### Task to complete
From the data that follows, set down exactly the lines from the one with "109 MIRO DRIVE, DAVENPORT, FL 33837" through the one with "Secure Stay-in-Place Fit", counting both. Pictures stay out.

### Provided records

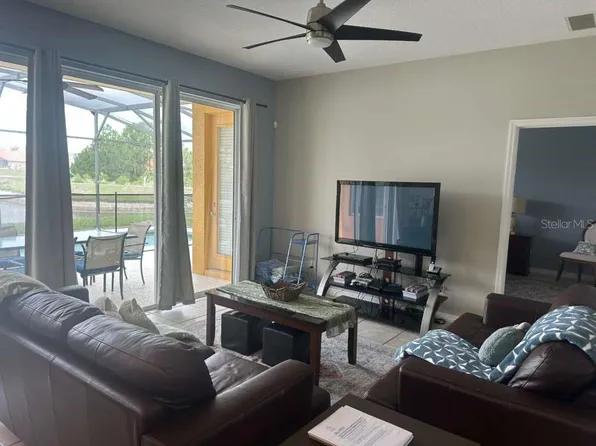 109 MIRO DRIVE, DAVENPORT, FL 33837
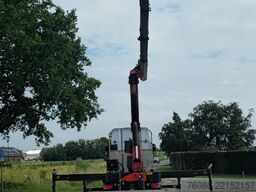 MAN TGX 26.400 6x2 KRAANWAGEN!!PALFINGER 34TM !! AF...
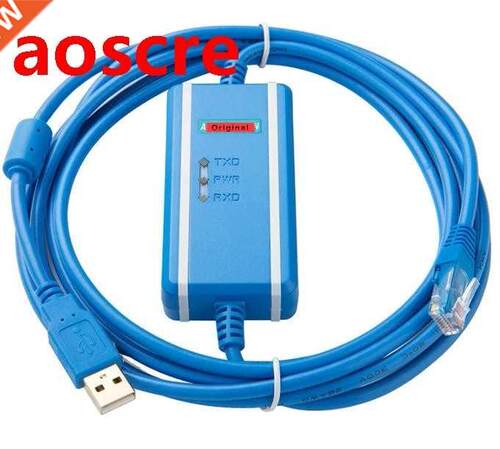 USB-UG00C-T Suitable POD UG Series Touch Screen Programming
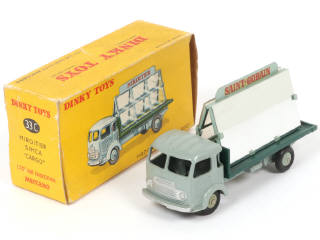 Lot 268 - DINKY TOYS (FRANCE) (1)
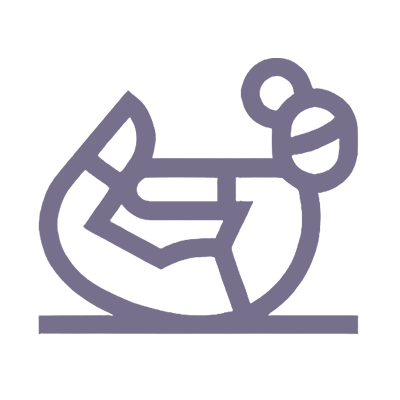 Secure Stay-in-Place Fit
==
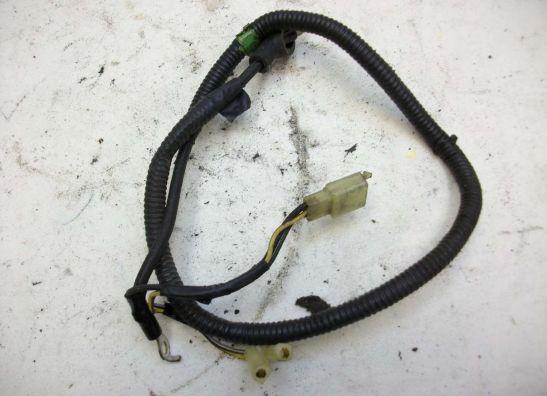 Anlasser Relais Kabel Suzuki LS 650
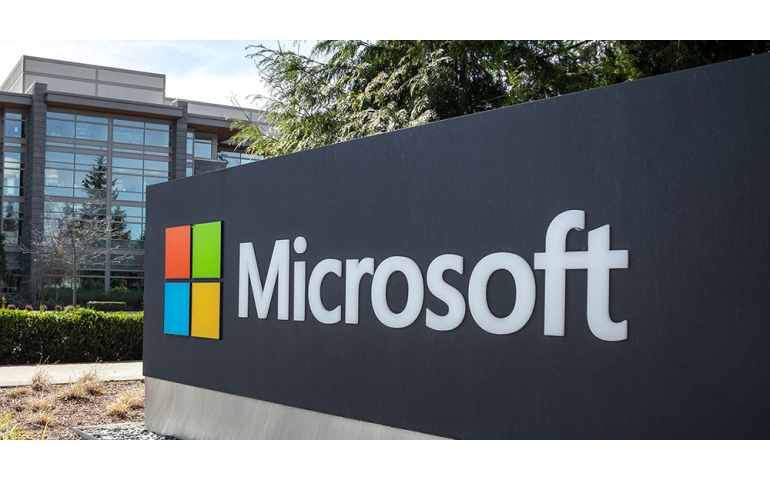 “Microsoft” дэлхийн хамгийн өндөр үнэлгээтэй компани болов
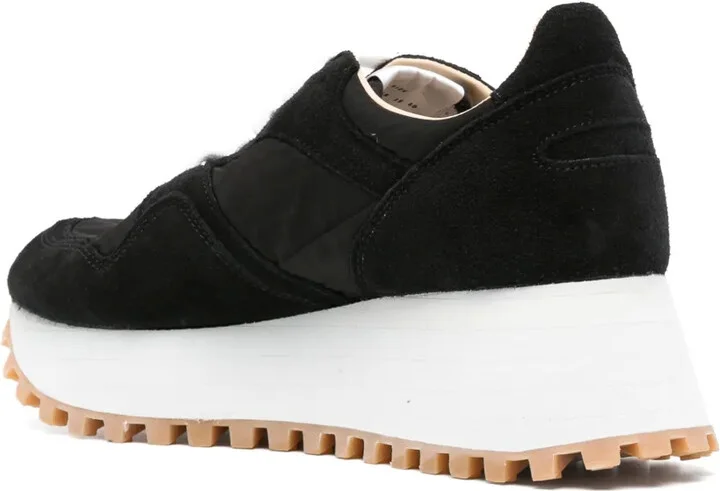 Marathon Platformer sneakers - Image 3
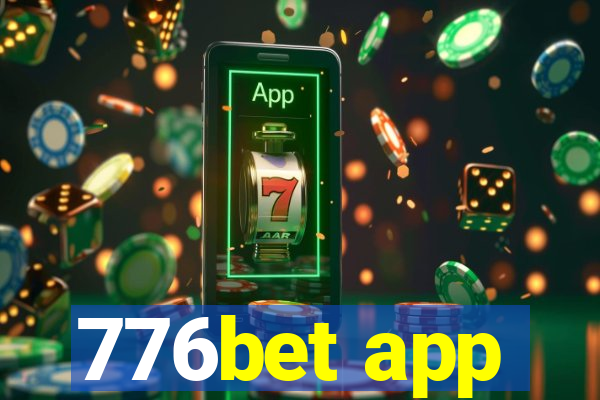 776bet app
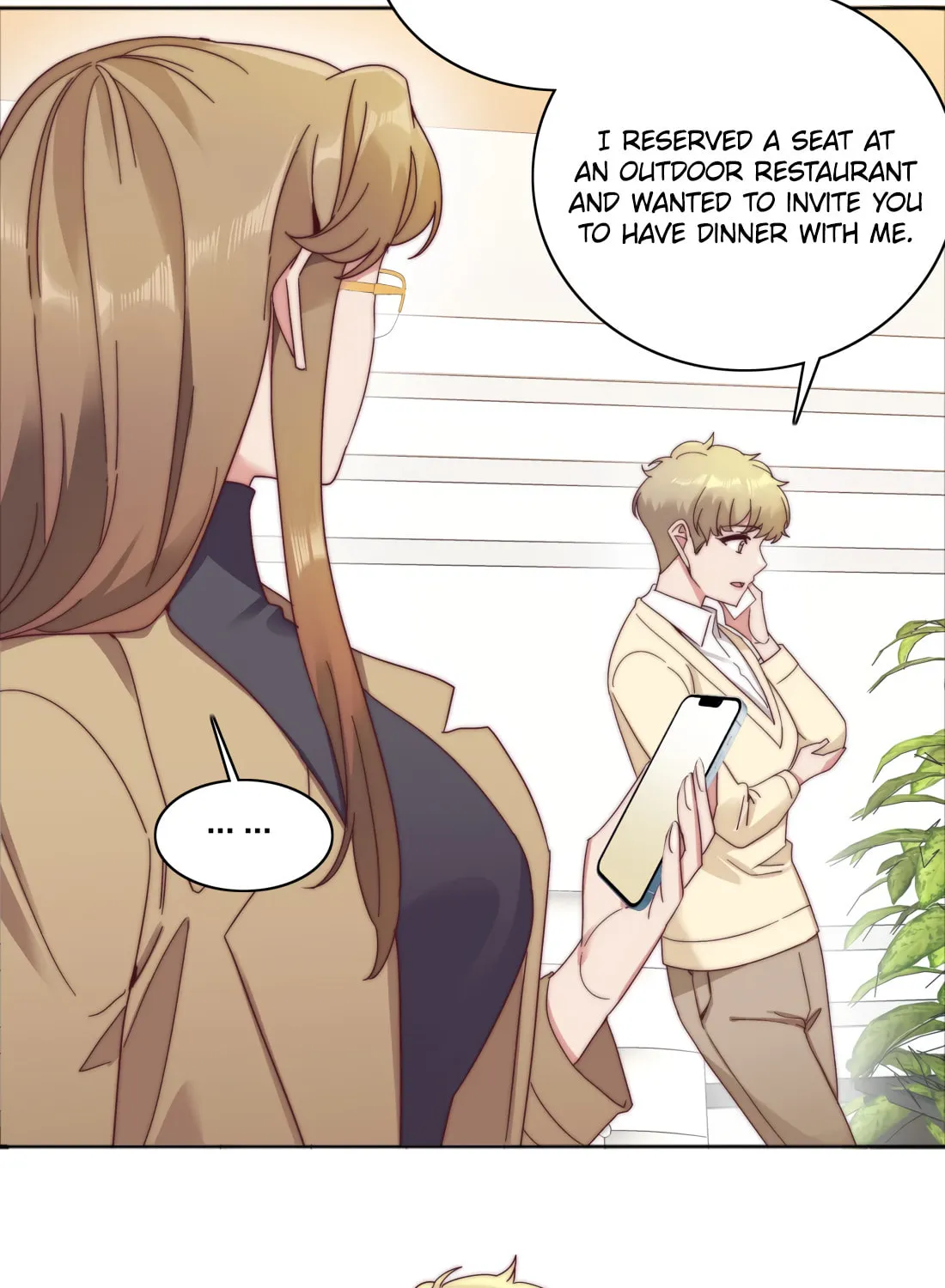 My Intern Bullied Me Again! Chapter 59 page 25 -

### Worked solution
 109 MIRO DRIVE, DAVENPORT, FL 33837
 MAN TGX 26.400 6x2 KRAANWAGEN!!PALFINGER 34TM !! AF...
 USB-UG00C-T Suitable POD UG Series Touch Screen Programming
 Lot 268 - DINKY TOYS (FRANCE) (1)
 Secure Stay-in-Place Fit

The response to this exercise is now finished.